The Rape of Lucretia/Les Vêpres Siciliennes
Glyndebourne/Royal Opera House

Culture loves a problem child, and no genre more than opera. Unfinished works, dramatically flawed works, just plain weird ones – we love them all – and opera houses across the world have spent centuries refusing to give up on some particularly challenging cases. While not the most hardened offenders, neither Verdi’s Les Vêpres Siciliennes nor Britten’s The Rape of Lucretia are straightforward. Each has issues for directors to wrestle, and this month two high-profile new productions have opened, both hoping to rehabilitate their charges once and for all.

Of the two, Les Vêpres is the less yielding. For a start it’s enormous. The original score includes a 40-minute ballet in the middle, and all other aspects of this grand opera balance up to that insertion. Hoping to beat the French at their own operatic game, Verdi (already the successful composer of Rigoletto and La traviata) threw all he had at this obscure tale of a 13th-century Sicilian rebellion against the French.

It’s hard not to draw parallels between an Italian opera composer wrestling back grand opera from its French masters and Sicilians attempting to reclaim their homeland, and this becomes the basis for Norwegian director Stefan Herheim’s production that relocates the action to the Paris Opéra, where Les Vêpres was premiered. It’s an excuse for magnificent meta-theatrical gestures as the Royal Opera House audience gazes back at itself onstage, with lashings of chorus girls, Sicilian peasants and French army officers to fill any dramatic longeurs in Verdi’s uneven score.

Excess – generous, riotous, overwhelming – is something of Herheim hallmark, and it seems churlish to probe the motivations of a production so literal, so Verdi-esque about its smoke and mirrors (not to mention so propulsively driven from Pappano’s pit). But try as I might to line up concepts and emotions I couldn’t quite manage it. Was the extended opening rape scene a back-story to explain the vengeful urges of Erwin Schrott’s Procida (a ballet-master, helpless to protect his dancers from French troops)? What was the cherubic executioner doing in Act IV?  And why the cross-dressing finale?

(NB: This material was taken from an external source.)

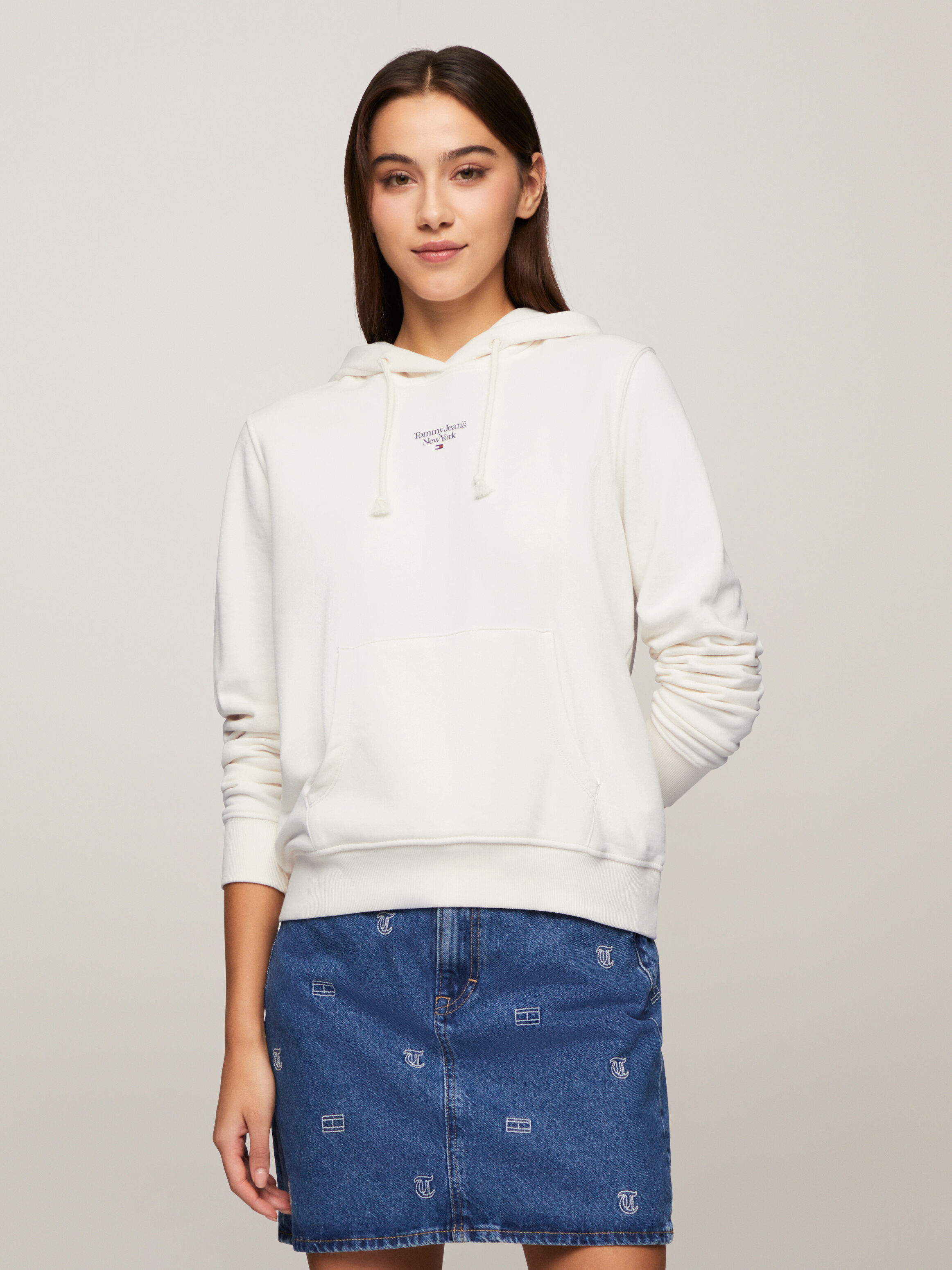 Tommy jeans essential logo hoodie deals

Let go of these details however, and you have a spectacle of serious heft. The largest chorus of the season hurls sound to the back of the amphitheatre and Pappano’s orchestra glows and burns with the ardour of a hundred revolutionaries. Lianna Haroutounian returns after her excellent Elisabetta in Don Carlo) as Helene, richly characterful in tone but struggling on opening night with her showpiece “Merci, jeunes amies” with its fearsome coloratura. Schrott’s Procida schemes and broods, while Michael Volle’s estranged father is supremely tender. Henri – torn between father and comrades – resonates brightly, but struggles dramatically against a straitjacket of a libretto.

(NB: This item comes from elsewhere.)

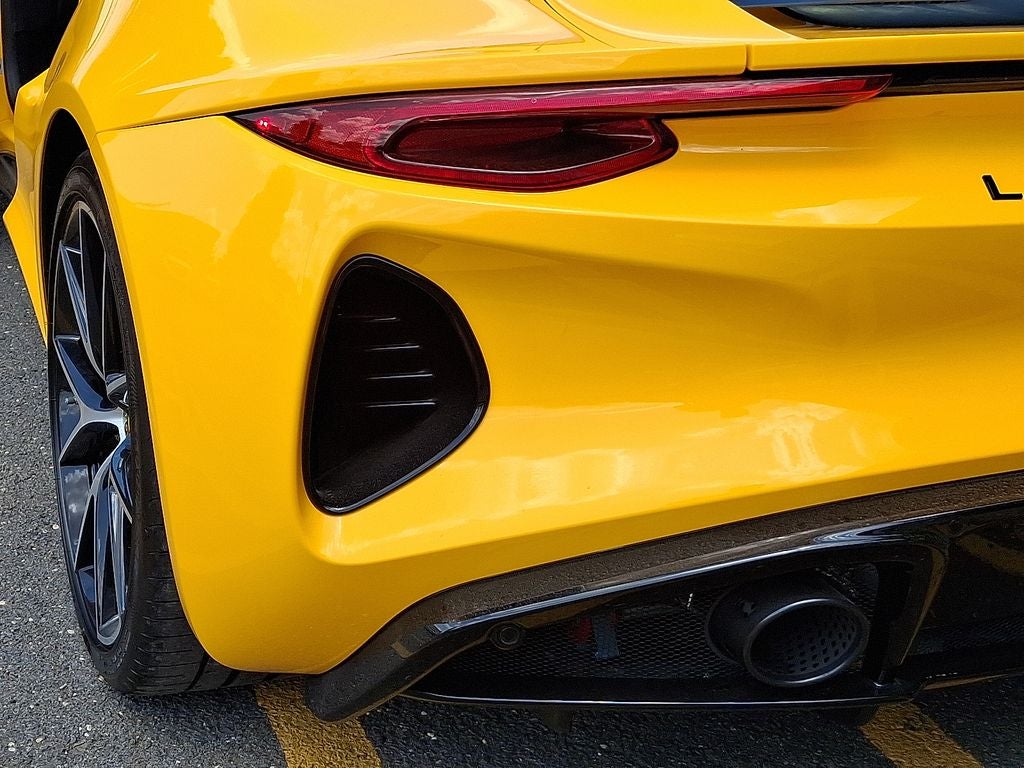 2025 Lotus Emira V6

Ronald Duncan’s libretto for Lucretia is traditionally named as one of the opera’s big issues. Wordy, certainly, but also spotlight-specific in its images and musical moulding of language, I’ve never seen the problem. In Fiona Shaw’s World War II-framed production any self-consciously literate modernist tendencies become neutralised, dissolved into the dramatic texture of the whole. Shaw deftly integrates Britten’s Male and Female Chorus into the action they cannot control – unwitting archeologists, tracing paths across the trenches and foundations of Lucretia’s house. Physically united in the quasi-Brechtian space, the temporal and dramatic separations of the narrators hits harder than often with this opera.

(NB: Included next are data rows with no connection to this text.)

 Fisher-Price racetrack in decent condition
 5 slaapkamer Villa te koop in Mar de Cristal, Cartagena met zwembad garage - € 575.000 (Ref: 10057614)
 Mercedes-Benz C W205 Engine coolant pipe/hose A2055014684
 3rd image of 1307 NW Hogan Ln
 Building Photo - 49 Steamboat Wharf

This is partly owing to Allan Clayton’s astonishing Male Chorus (none of Bostridge’s eerie, otherworldliness here, but a humanity that outstrips it easily for pathos) and Kate Valentine’s Female Chorus – all warmth and fleshy instinct. They lead a mixed cast encompassing David Soar’s Collatinus (almost too beautifully sung to chime with Britten’s ambivalent portrayal) and a ringing Lucia from Ellie Laugharne, to a disappointing woolly Junius from Oliver Dunn. Though competently sung, both Duncan Rock’s Tarquinius and Claudia Huckle’s Lucretia (impossibly moving, but vocally under-projected at times) exposed a lack of clarity at the core of Shaw’s reading. Is this Shakespeare’s Lucrece or Britten’s Lucretia? We often seemed caught uneasily between the two.

The rape scene itself felt fragmented and non-committal, uncertain where to place physical or emotional emphasis. Visually set apart from the rest of the action, which enjoys the euphemising protection of darkness, it claims certainty at precisely the moment that Duncan’s libretto courts ambivalence. Shaw’s shadowy visuals and covered spaces – graves, tents, beds – generate a lively friction with the pitiless clarity of text and music. What a shame though that Nicholas Collon’s direction lacked the blade-edge crispness that Britten’s orchestration can and should have. In the delicate balance of a production caught between dark and light, certainty and doubt, it tipped them just the wrong way.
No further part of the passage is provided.